The steady drip of regulatory changes comes after one of the largest federal workforce reductions in US history, a net decrease of roughly 250,000 jobs in 2025. Most cuts resulted from voluntary departures such as the “fork in the road” offer from Elon Musk’s Department of Government Efficiency.
Many of Trump’s proposals have been tied up in litigation, including his bid to end collective bargaining rights for over 1 million workers across various agencies. Unions including AFGE also have sued over ending unionizing rights and to oppose the reclassification of thousands of employees.
Rating on a Curve
A major change for federal workers comes in shifting the employee review system.
The performance review rule proposal unveiled Feb. 23 would create a forced distribution system, or bell curve, limiting how many workers get top ratings of 4s and 5s while rating most as 3s or lower.
The lower ratings stirred concerns they’ll be used to force out some workers.
Federal agencies began implementing some performance review changes last year before the formal proposal, giving some employees lower ratings than in prior years.
“What would typically be considered going above and beyond your job title or scope” now gets an average rating, said one federal employee who’s worked at three agencies over the past decade.

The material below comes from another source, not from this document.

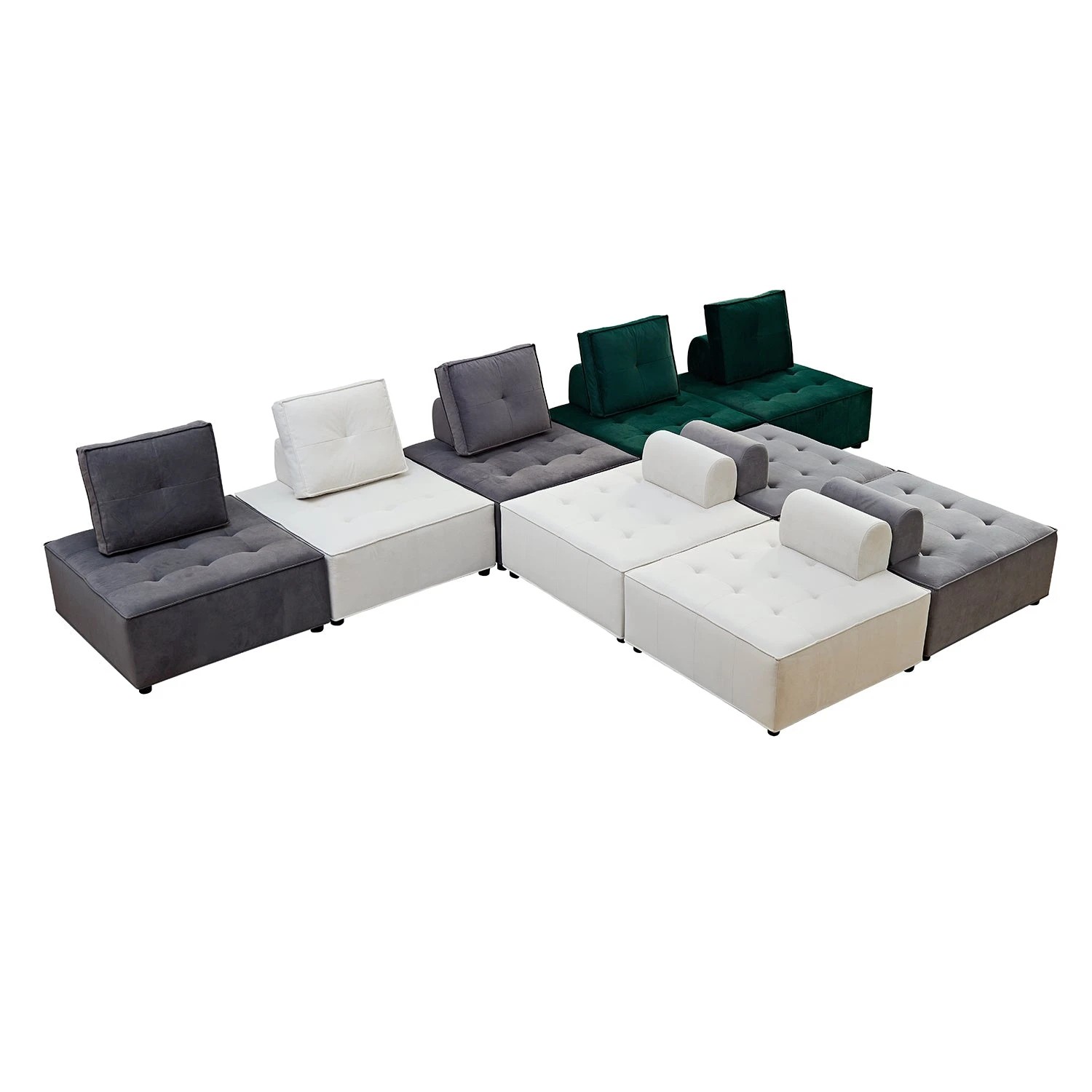 8 Foret 86cm Armless Seat Modular Extension Lounge Couch Velvet Sofa Light Grey, 8 of 9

The decreased ratings have contributed to generally low morale, she said.
“It all ties together with the continuing efforts to just trash the civil service system and demoralize federal employees, except for the ultra-politically loyal,” said Peter Jenkins, senior counsel at Public Employees for Environmental Responsibility.

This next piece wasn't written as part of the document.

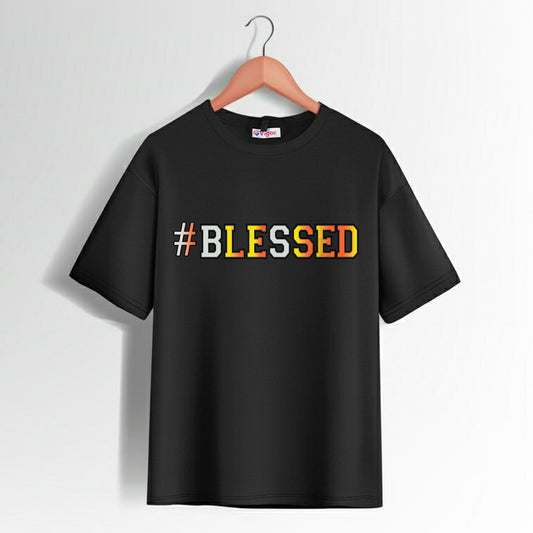 Black #Blessed T-Shirt with motivational text design for faith and gratitude lovers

Trump administration officials said the change aims to correct overly lenient reviews.
“All of these proposed changes are about creating accountability to the American people and creating a high-performance culture where employees who excel can be recognized and rewarded for their success,” said McLaurine Pinover, spokesperson for the Office of Personnel Management, which functions as the federal government’s human resources agency and sets workforce policies. “Political affiliation is irrelevant in a merit-based system.”
For fiscal year 2024, nearly half of all federal employees received the highest possible rating, the OPM said in its proposed rule text.
OPM Director Scott Kupor, in a December blog post, criticized “rampant ratings inflation and a lack of accountability for poor performers.”
The agency cited Fortune 500 companies that have used similar forced distribution ratings, including
Research has shown “standardized distribution can quickly enhance organizational performance and promote the success of merit-based reward systems,” the OPM said.
Improving the ratings system has long been a concern both for Democratic and Republican administrations, said Dan Meyer, an attorney at Tully Rinckey PLLC who represents federal employees. But it’s vital to have meaningful opportunity for appeals and independent inspectors general to monitor for political retaliation, he said.
“The problem is the president just gutted his inspectors general,” Meyer said.
Feeling Stuck
More than 300,000 people left their federal jobs last year, many of them through the voluntary resignation offer. But federal workers looking to leave found their private-sector options limited, said Colin Smalley, a local union representative with the International Federation of Professional and Technical Engineers and a US Army Corps of Engineers employee.
“There’s a lot of people that are looking for other opportunities,” said Smalley, who spoke in his capacity as a union rep. “I get the feeling that there is not a lot out there.”
The loss of telework, compounded by the personnel rule and performance rating changes, led to one federal worker’s recent decision to leave the Nuclear Regulatory Commission after roughly two decades.
“Who’s stopping them from saying to every government employee that you’re poor, you have poor performance” and then firing them, said the former NRC employee, who spoke on condition of anonymity to protect future career prospects.
The loss of telework options hit many workers hard, creating long commutes and limiting work-life balance, he said. Attempts to cancel union contracts—still tied up in litigation for many agencies—have frustrated workers and their managers who don’t know how to proceed with resolving disputes over work conditions and leaves of absence, he added.
A mid-career USDA researcher said she explored options for other jobs last year but relocation costs would be too much. Now she says she is determined to stay.
“Every additional pay period and quarter that I’m in this job is more money for my family long term,” the researcher said.